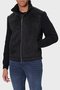 Ls Mn Suede Regular Fit Mock Neck Knit Detailed Jacket M5Br79Z5570 Men's Jacket M5Br79 Z5570 Jblk
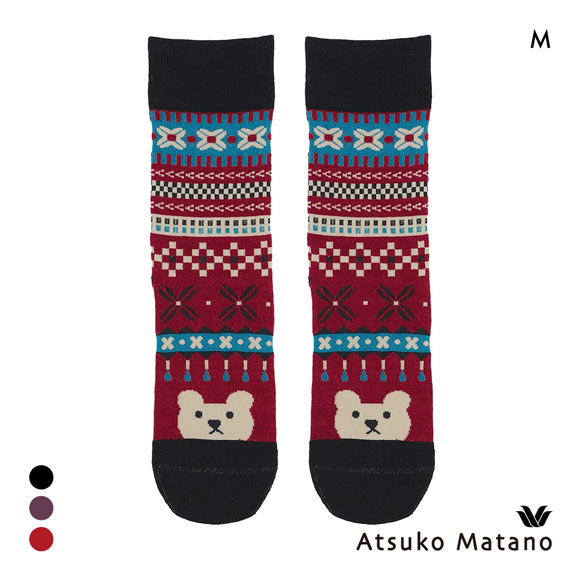 ワコール マタノアツコ ソックス 靴下 くま ノルディック レディース Wacoal ATSUKO MATANO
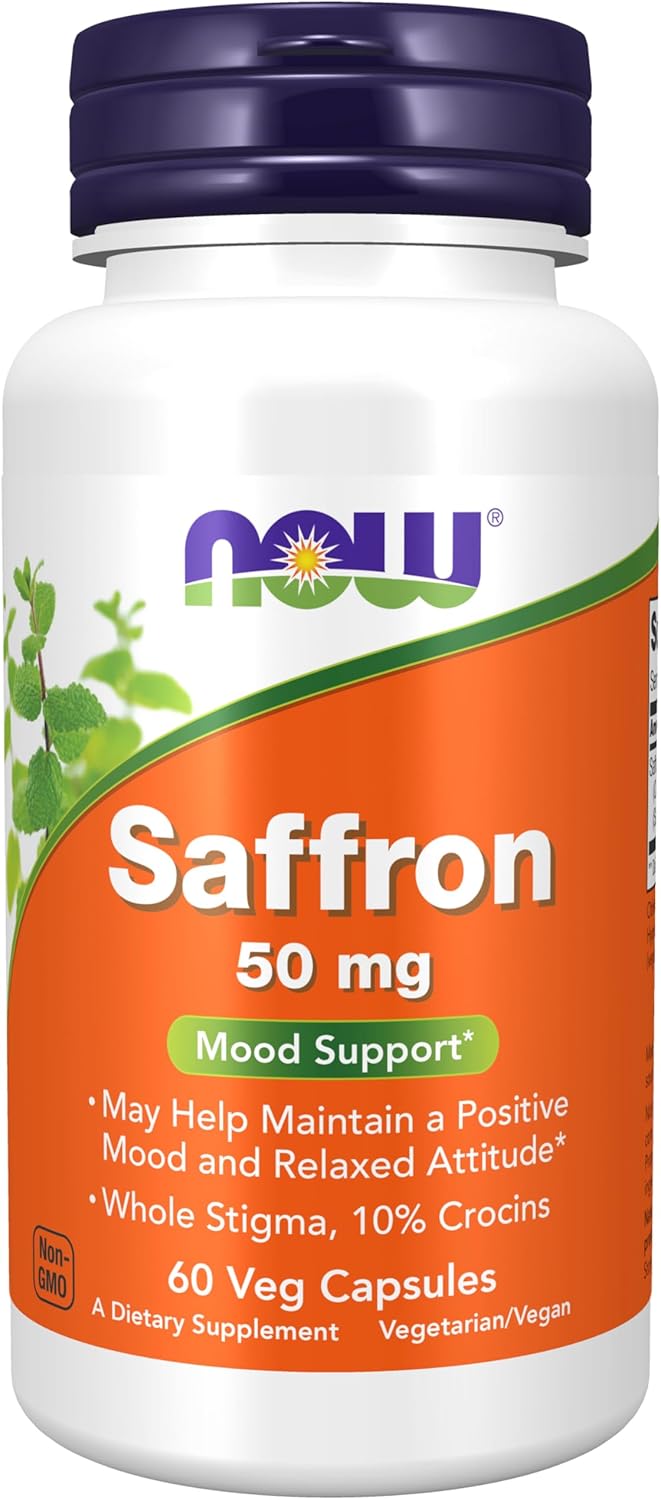 Saffron Whole Herb 50 mg Capsules for Mood Support and Relaxation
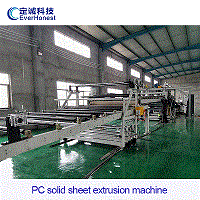 PC solid sheet extrusion line picture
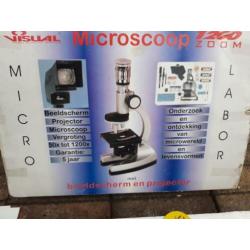 te koop visual microscoop 1200 zoom compleet in doos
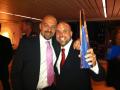 Aleks och Fredrik firar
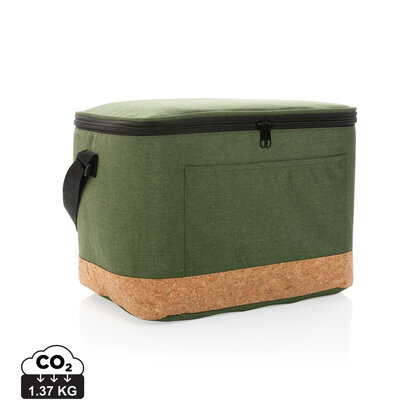 Impact AWARE&trade; XL RPET two tone cooler bag with cork detail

▸ **Task to carry out**: The lines to copy begin at the one containing "ワコール マタノアツコ ソックス" and end at the last line of the records. Set down exactly those lines and no others, both ends included, and omit all pictures.

▸ **Task answer**:
 ワコール マタノアツコ ソックス 靴下 くま ノルディック レディース Wacoal ATSUKO MATANO
 Saffron Whole Herb 50 mg Capsules for Mood Support and Relaxation
 PC solid sheet extrusion line picture
 te koop visual microscoop 1200 zoom compleet in doos
 Aleks och Fredrik firar
 Impact AWARE&trade; XL RPET two tone cooler bag with cork detail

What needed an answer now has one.